▶ **EXERCISE DIRECTIONS**
Output exactly the lines below, starting with the line that has "Body Shaper Sauna" and going on through the line that has "Delicate Threader Hoop Earrings Set of 2", both included, and no other lines.

▶ **DATA FOR THIS EXERCISE**
========================

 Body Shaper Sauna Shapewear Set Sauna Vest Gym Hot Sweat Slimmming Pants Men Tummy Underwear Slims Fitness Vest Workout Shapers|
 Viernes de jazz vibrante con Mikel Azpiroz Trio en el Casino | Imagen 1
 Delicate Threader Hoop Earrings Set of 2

========================

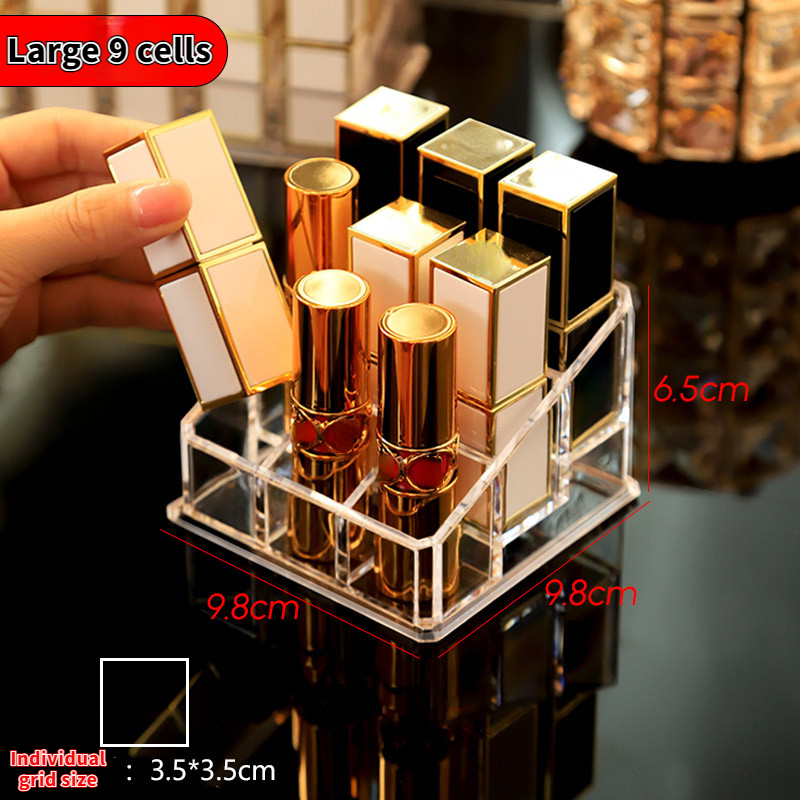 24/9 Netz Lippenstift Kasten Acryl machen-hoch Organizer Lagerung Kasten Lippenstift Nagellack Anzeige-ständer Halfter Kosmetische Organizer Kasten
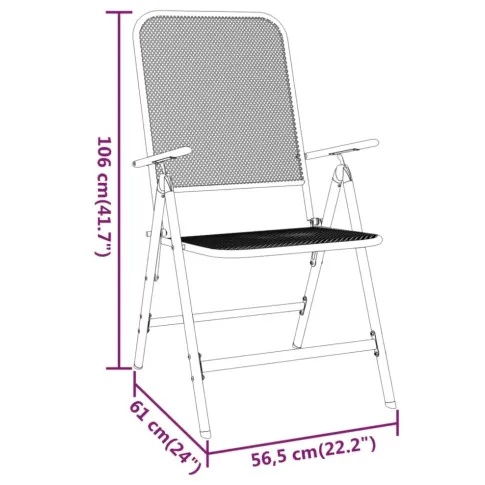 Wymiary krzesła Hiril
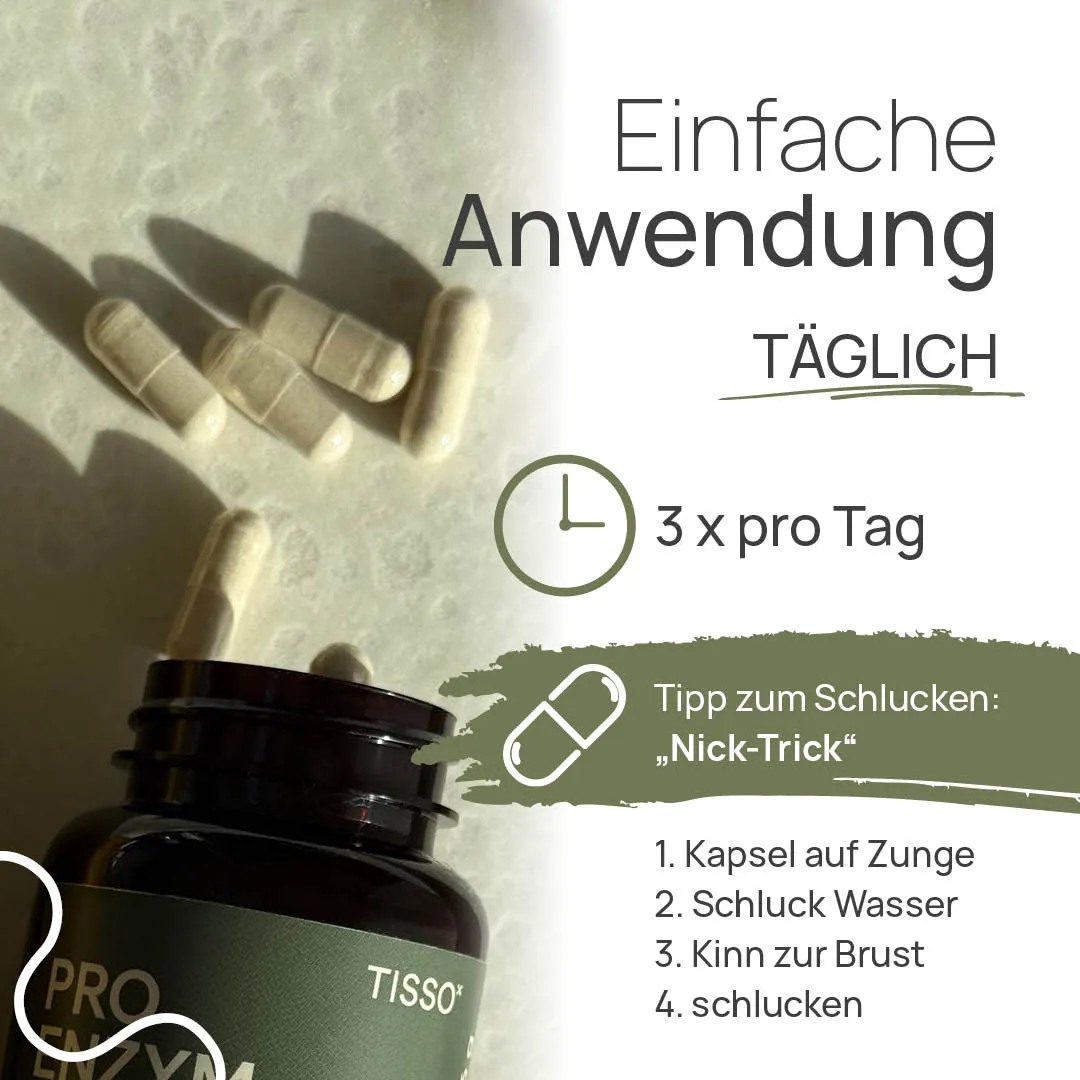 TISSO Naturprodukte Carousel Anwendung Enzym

========================

▶ **WRITTEN REPLY**
 Body Shaper Sauna Shapewear Set Sauna Vest Gym Hot Sweat Slimmming Pants Men Tummy Underwear Slims Fitness Vest Workout Shapers|
 Viernes de jazz vibrante con Mikel Azpiroz Trio en el Casino | Imagen 1
 Delicate Threader Hoop Earrings Set of 2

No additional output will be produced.